● **What needs to be done**:
Given the records below, the lines starting at the line with "Mikrofirma Faoliyatini Davlat" and ending at the line with "cropped-Aufforstung_Uganda_4-4.jpg" should be output exactly, both end lines kept and pictures left out.

Short descriptive text snippets:
□ □ □ □

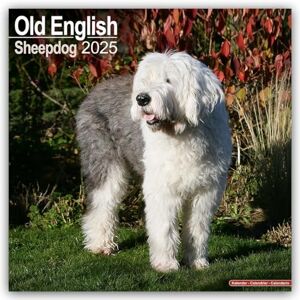 AVONSIDE Old English Sheepdog 2025 Square Wall Calendar Dog Breed Calendar AVONSIDE Old English Sheepdog 2025 Square Wall Calendar Dog Breed Calendar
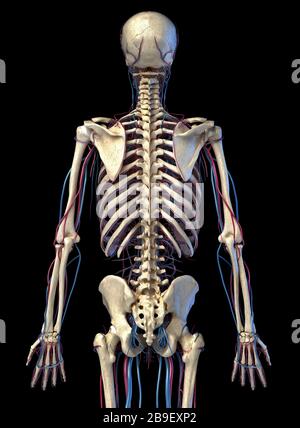 Scheletro umano del corpo superiore con vene e arterie. Vista posteriore su sfondo nero. Foto Stock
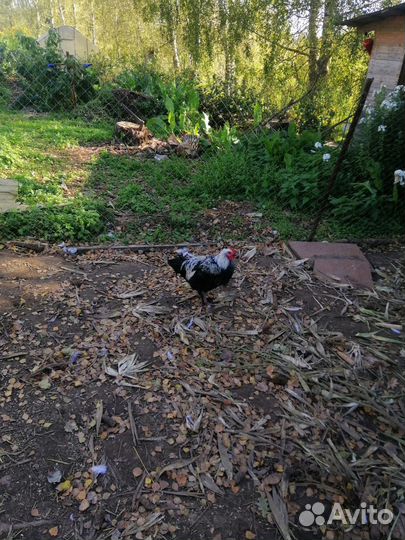 Петухи маран серебро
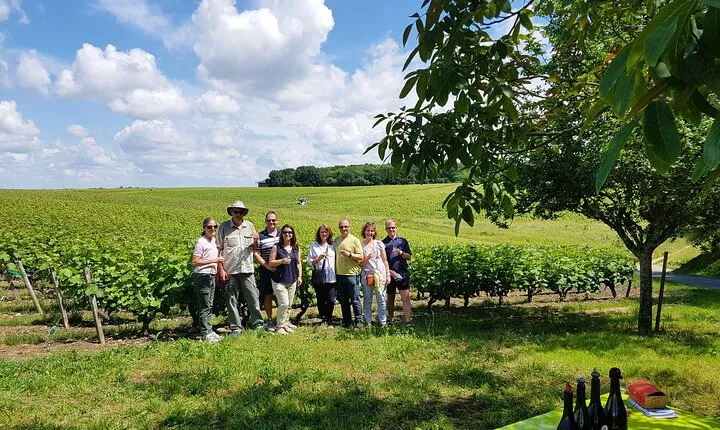 Loire Valley Half Day Wine Tour from Tours : 2 Vouvray wineries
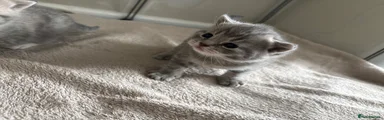 Mixed Breed Kitten 2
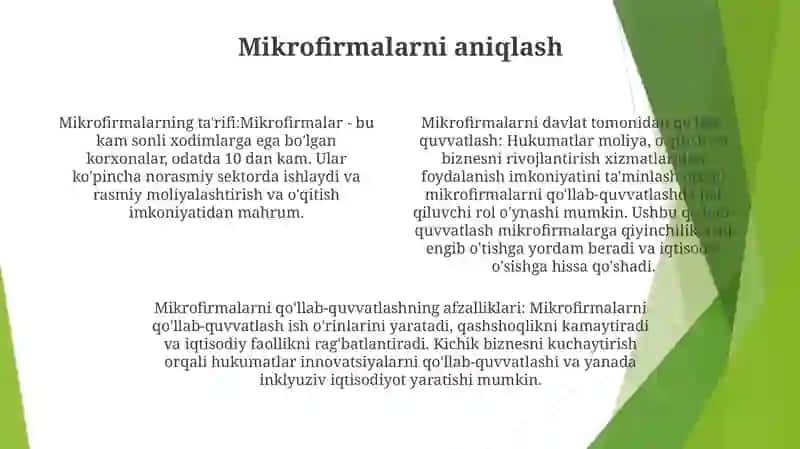 Mikrofirma Faoliyatini Davlat Tomonidan Qo'Llab Quvvatlanishi 3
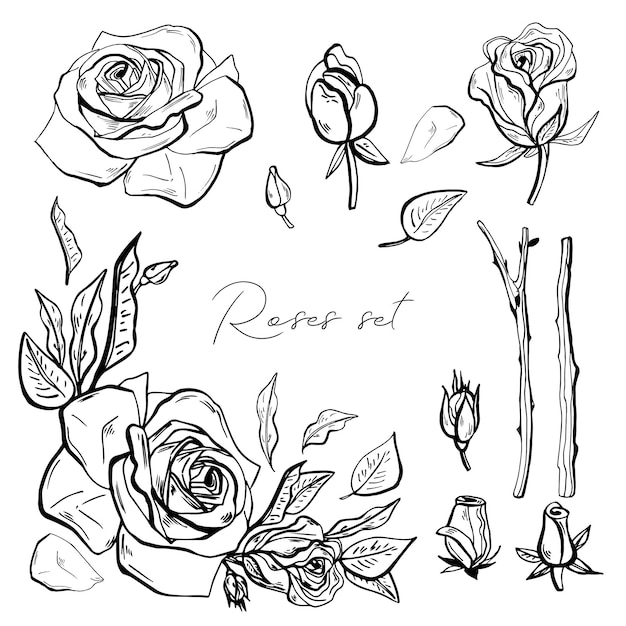 Big set of rose flowers, buds, leaves and stems. Decorative vector elements for design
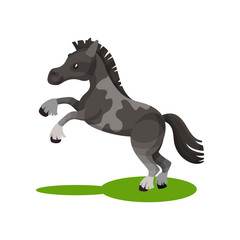 Flat vector design of cute gray spotted horse standing on its hind legs. Pony with short mane and long tail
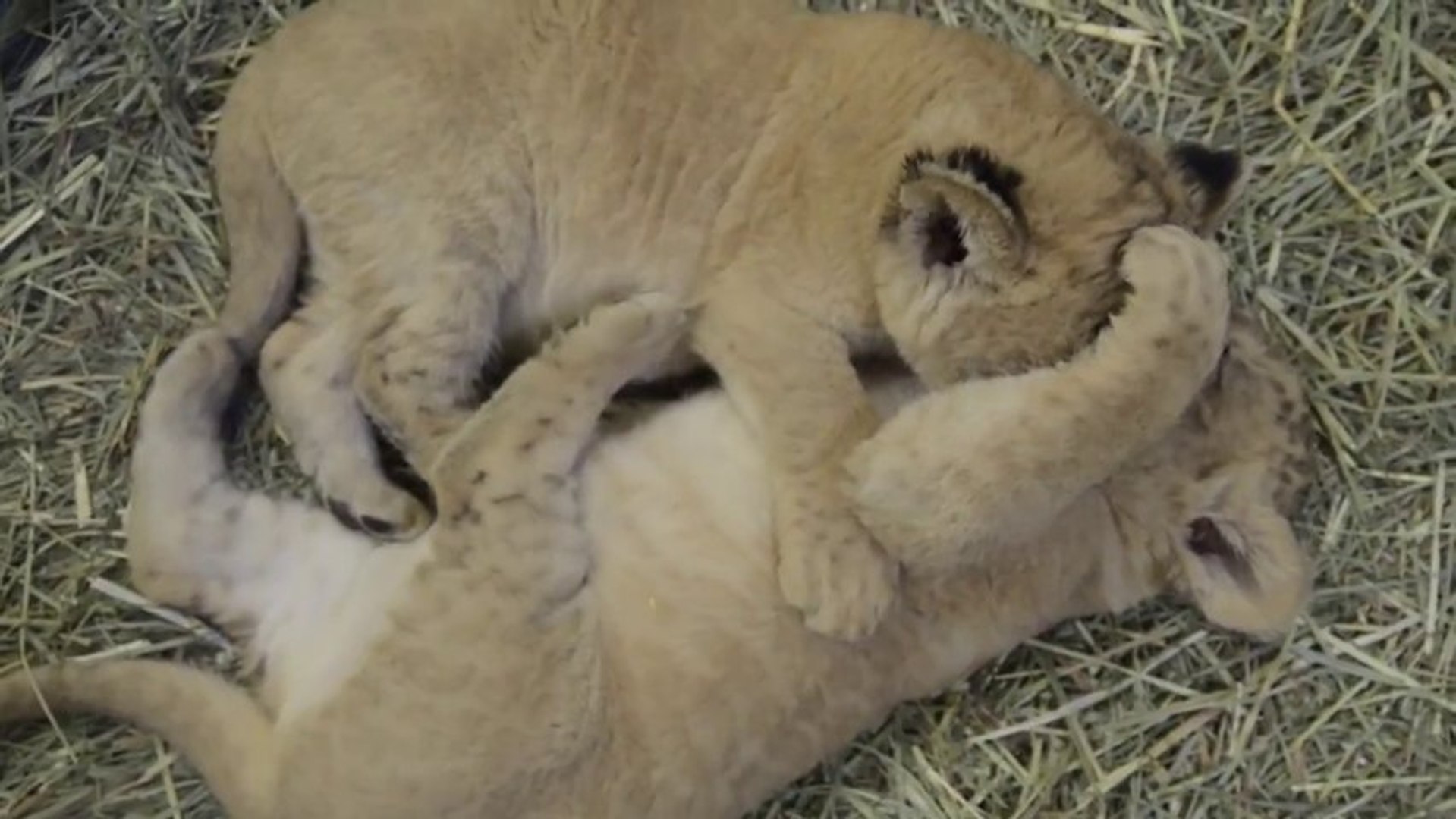 Des Bebe Lions De 5 Semaines Trop Mignons Video Dailymotion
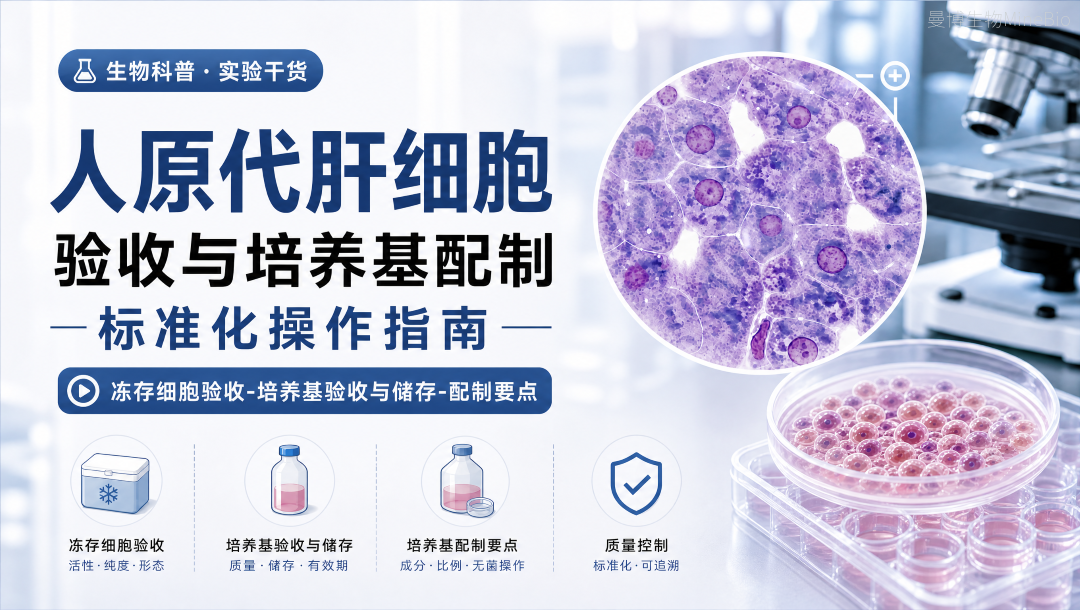 人原代肝细胞验收与培养基配制标准化操作指南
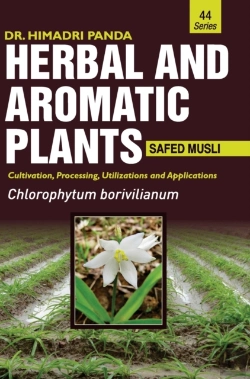 Bertrand.pt - Herbal And Aromatic Plants - 44. Chlorophytum Borivilianum (Safed Musli)
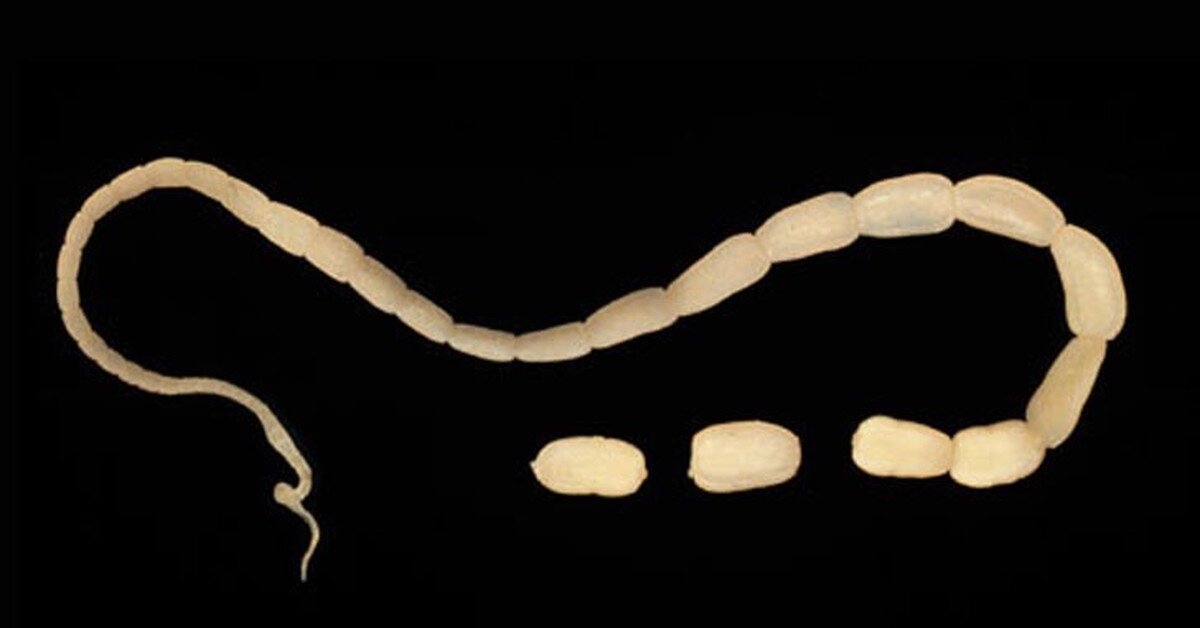 «Огуречный цепень», «огуречник»)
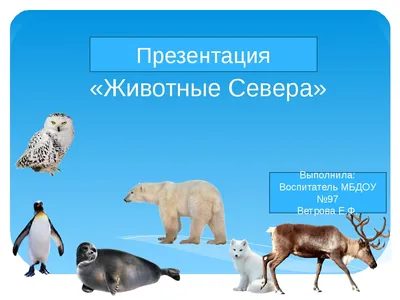 Постеры и картины \"Животные\" купить в Санкт-Петербурге, плакаты темы \" Животные\" на заказ с быстрой доставкой по всей России | «28КАРТИН»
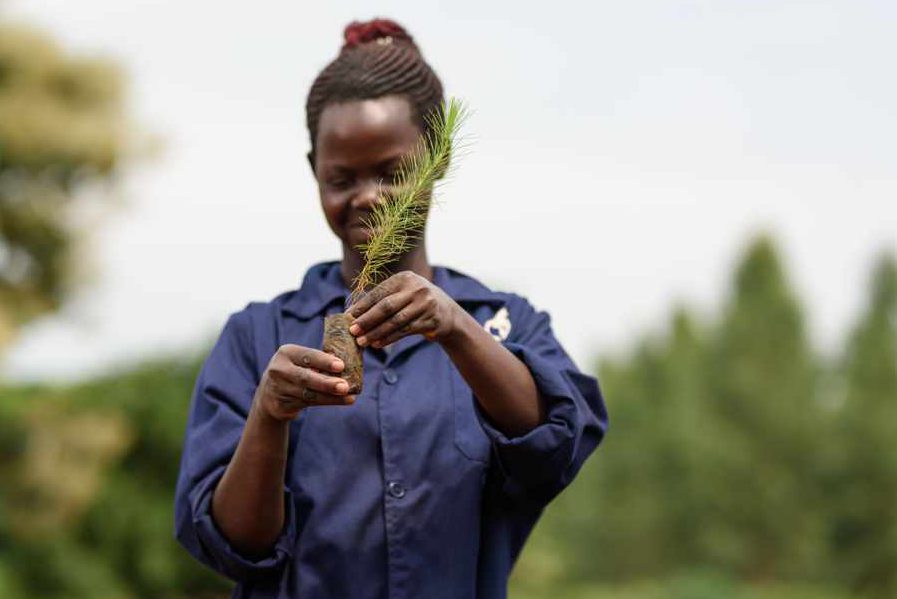cropped-Aufforstung_Uganda_4-4.jpg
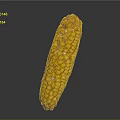 Fresh Yellow Corn Cob With Plump Juicy Kernels On Gray Background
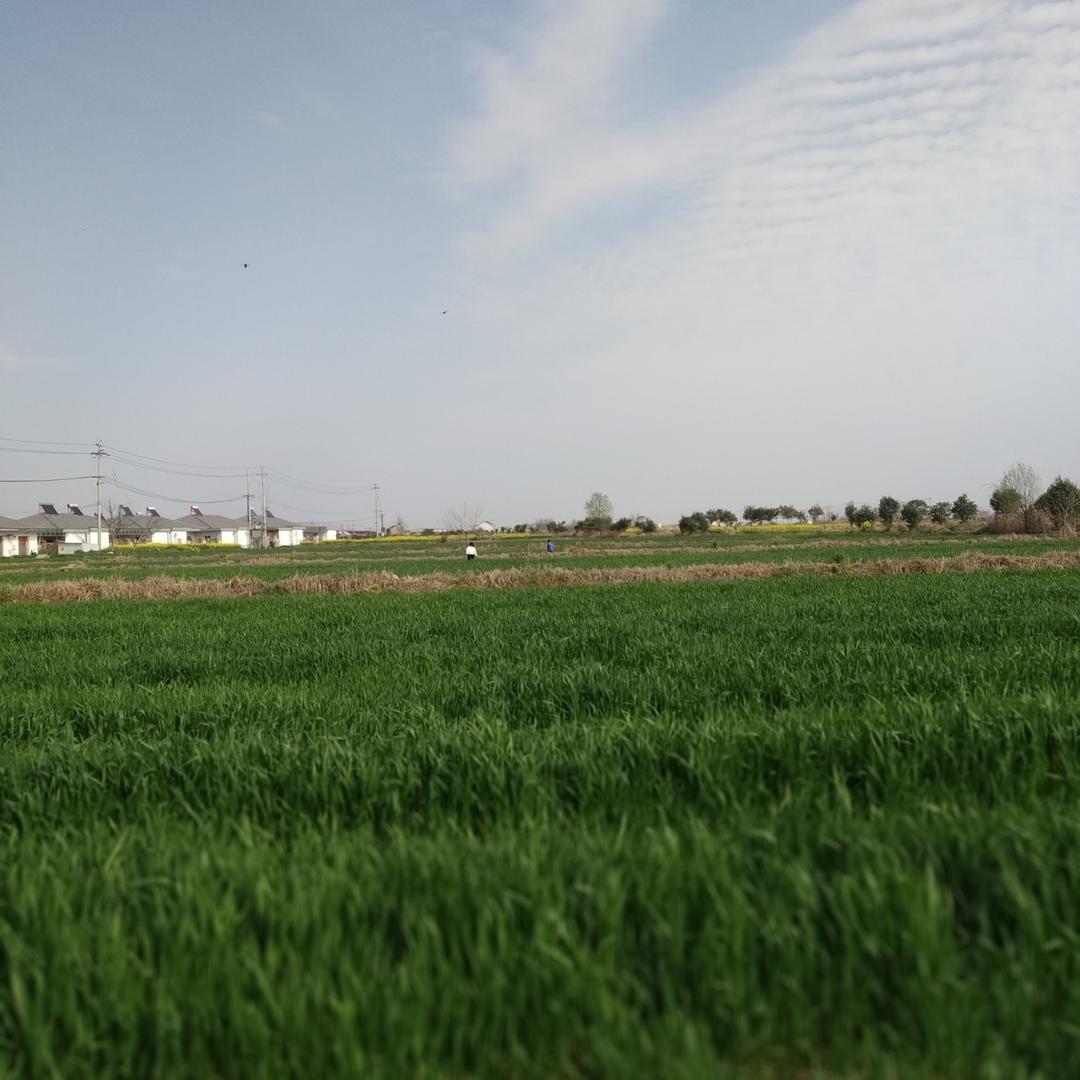 东方明（自学乐器）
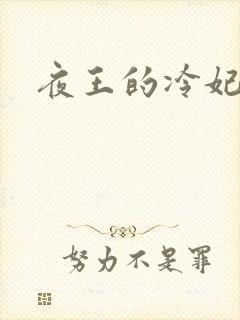 夜王的冷妃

□ □ □ □

● **Solved problem**:
 Mikrofirma Faoliyatini Davlat Tomonidan Qo'Llab Quvvatlanishi 3
 Big set of rose flowers, buds, leaves and stems. Decorative vector elements for design
 Flat vector design of cute gray spotted horse standing on its hind legs. Pony with short mane and long tail
 Des Bebe Lions De 5 Semaines Trop Mignons Video Dailymotion
 人原代肝细胞验收与培养基配制标准化操作指南
 Bertrand.pt - Herbal And Aromatic Plants - 44. Chlorophytum Borivilianum (Safed Musli)
 «Огуречный цепень», «огуречник»)
 Постеры и картины \"Животные\" купить в Санкт-Петербурге, плакаты темы \" Животные\" на заказ с быстрой доставкой по всей России | «28КАРТИН»
cropped-Aufforstung_Uganda_4-4.jpg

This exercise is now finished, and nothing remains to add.